● **INFORMATION SUPPLIED**:
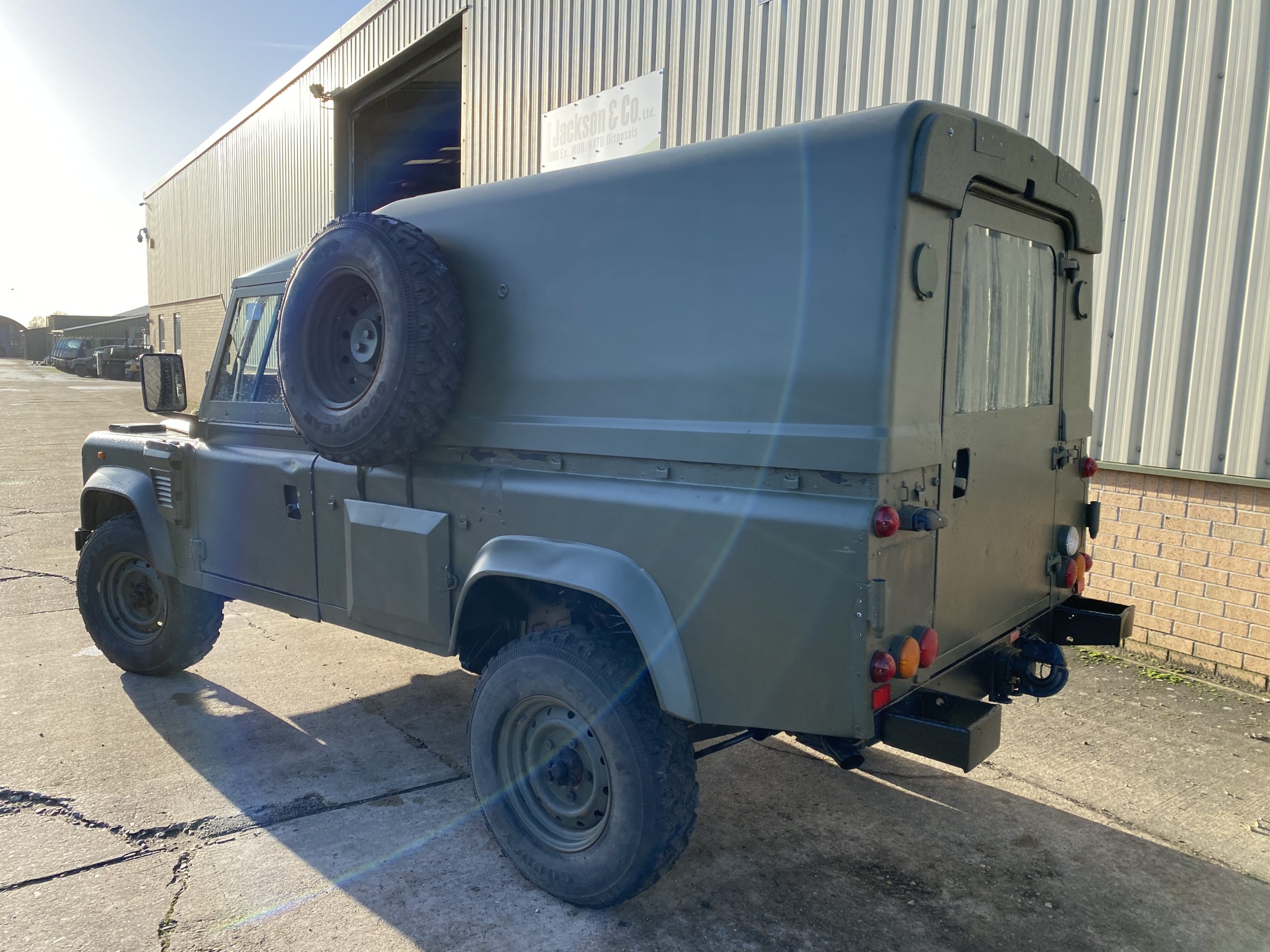 Land Rover Defender Wolf 110 Hard Top LHD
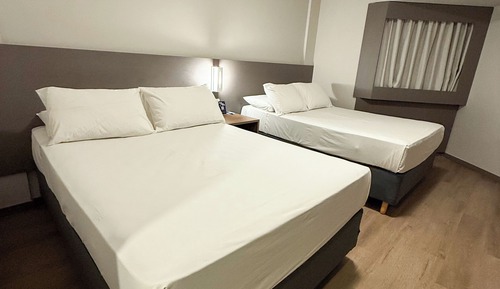 Habitación cuádruple Deluxe, varias habitaciones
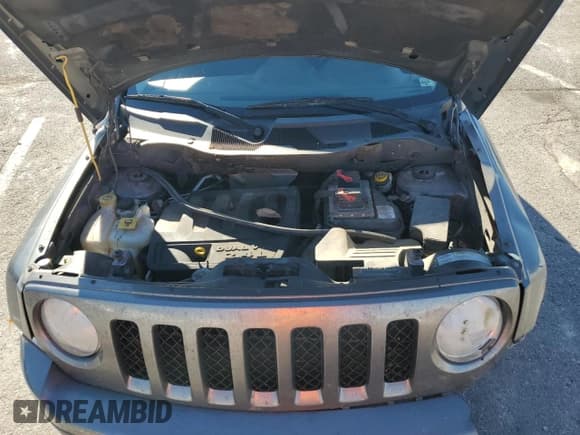 ✅ 2013 Jeep Patriot Sport • VIN: 1C4NJRBB3DD165402 • Lot: 86709375. Listed on Copart with 185,946 mi. Free auction sales archive from the USA and detailed vehicle history report at DreamBid. Image 12.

● **GOAL OF THE EXERCISE**:
Copy the listing word for word, excluding its pictures.

● **ANSWER TO THIS EXERCISE**:
 Land Rover Defender Wolf 110 Hard Top LHD
 Habitación cuádruple Deluxe, varias habitaciones
 ✅ 2013 Jeep Patriot Sport • VIN: 1C4NJRBB3DD165402 • Lot: 86709375. Listed on Copart with 185,946 mi. Free auction sales archive from the USA and detailed vehicle history report at DreamBid. Image 12.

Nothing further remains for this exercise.